Bununla birlikte romanın gidişatı tarihe dair düşünme fırsatı da verir. Devrim sonrası kurulan mecliste halkın temsilcilerinin yanı sıra kral destekçileri de meclise girer. Sağ ve sol ayrımının da buradaki dağılımdan doğduğu söylenir. Kral ve eşi 1791’de saraydan gizlice kaçarken yakalanınca da işler çığırından çıkar. Amerika ile yürütülen ilişkiler yüzünden vatan hainliği suçlaması yapılır ve idam isteği haftalarca mecliste tartışılır, tepkiler yükselir, itiraz da edilir ama kan arzusu dinmez. 21 Ocak 1793’te Kral ve kraliçe ilgili suçlamalarla idam edilir. Ama kan akınca durmaz, arzu doymaz ve devrimin liderleri olan Jakobenler de payını alır. 5 Eylül 1793 – 28 Temmuz 1794 arasını kapsayan ve tarihe Terör Dönemi olarak geçen süreçte, liderlerden önce Jean-Paul Marat şüpheli bir intiharla hayatını kaybeder; ardından Maximillien Robespierre de giyotinde can verir. Kimileri bunun sebebini kral 16. Louis’nin ölümünden önce söylediği sözlere bağlarlar. Rivayete göre ölüme giderken “Masum olarak ölüyorum. Dökeceğiniz kanın Fransa’ya bir musibet getirmemesini diliyorum,” demiştir. Bu da yaşananları izah için bir sebep oluşturur. Batıl inanç ve hatalı sebep-sonuç bağdaştırmasına bir örnek.
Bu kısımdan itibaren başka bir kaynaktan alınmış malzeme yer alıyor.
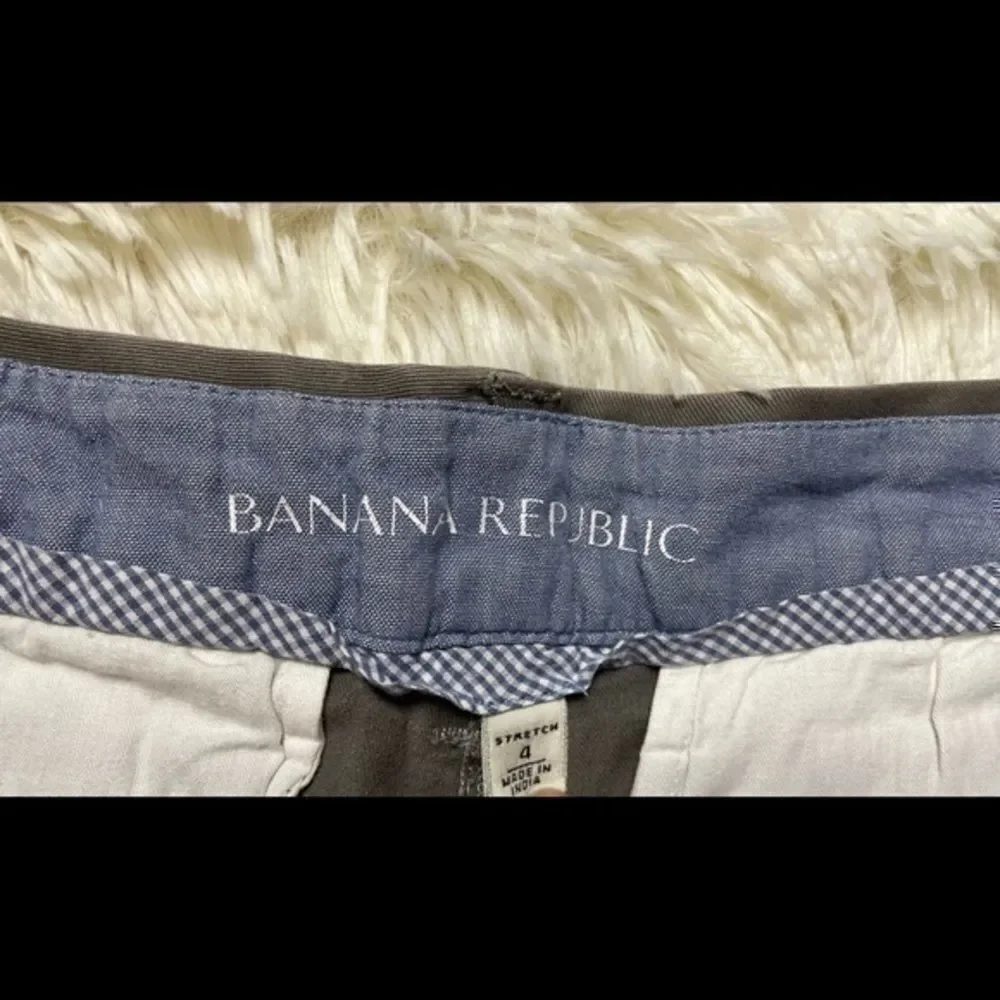 Women’s Gray Banana Republic Stretch Shorts size 4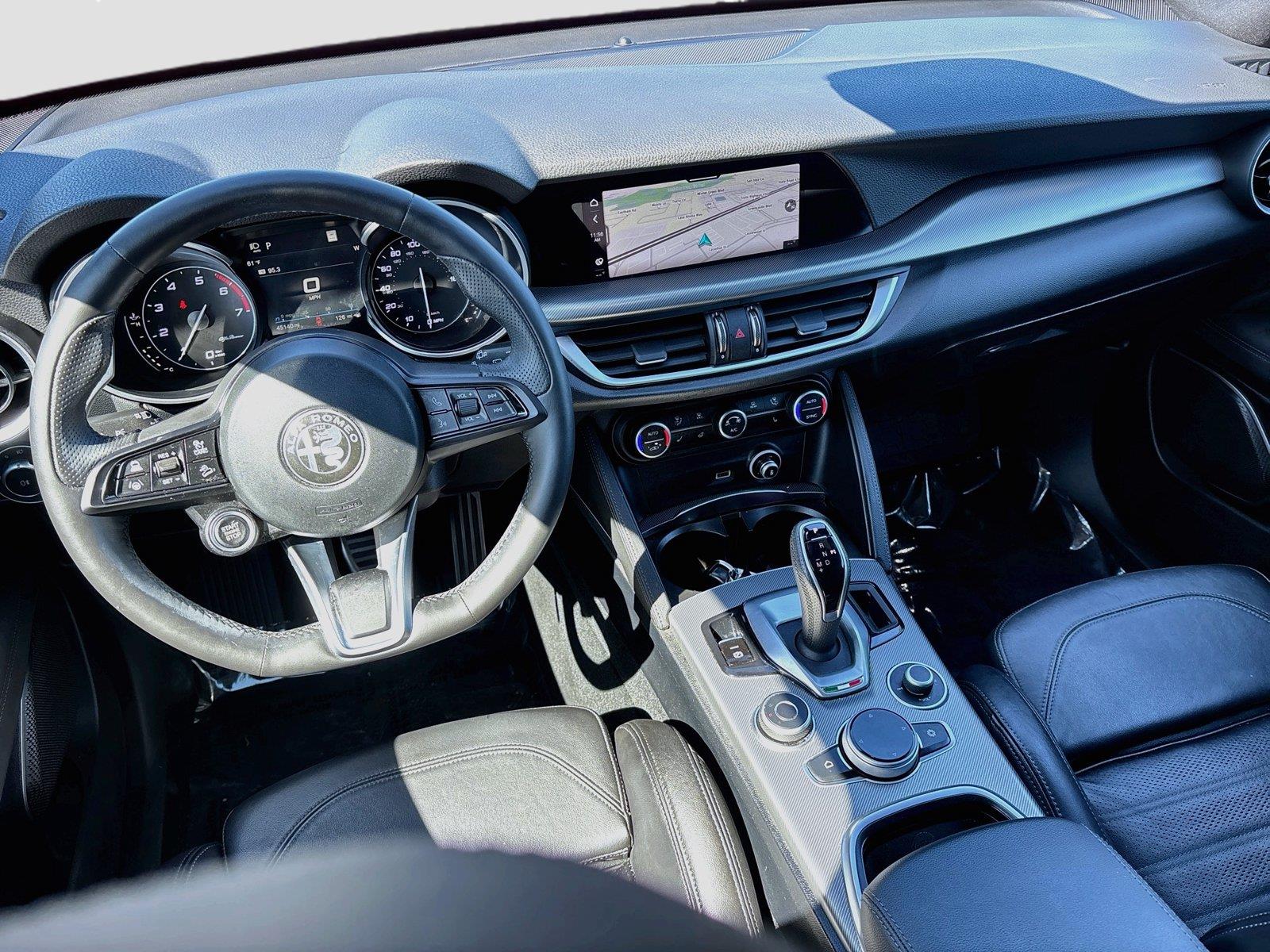 2022 Alfa Romeo Stelvio Veloce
Kral destekçilerinin giderek güçlenmesi ve Napolyon’un gelişiyle olaylar sona erer. 1799 yılında Napolyon destekçileri 18 Brumaire Darbesini gerçekleştirirler. Devrimin kurduğu Direktuvar görevden azledilir ve yerine Konsüllük idaresi kurulur. Bu da Napolyon’un yükselişinin başlangıcıdır. 1804 yılında imparatorluğunu ilan eden Napolyon Bonapart, 1915’te son kez yenilene kadar Avrupa’nın kaderini şekillendirir. En Son Kale’nin de bu doğrultuda pek çok benzerlik taşıdığı rahatlıkla söylenebilir. Son kale olarak betimlenen direniş noktası halihazırda insanlığın kendisiyle yüzleştiği ve yaşamın dinamiklerine dair uyanış yaşadığı yer olarak simgeleştirilir. Orhan Pamuk’un Beyaz Kale’sinde olduğu gibi doğrudan yolun vardığı hedef değilse de önemli bir dönüm noktası olarak metnin vurgulamak istediklerini kendinde birleştirir, sembol görevi görür: Bathos olur yani. Velhasıl, güncel baskısı bulunmayan bu kıymetli yapıtın yeniden okurun beğenisine sunulmasını rica ediyor ve imkan dahilinde mutlaka bir şans verilmesini öneriyoruz.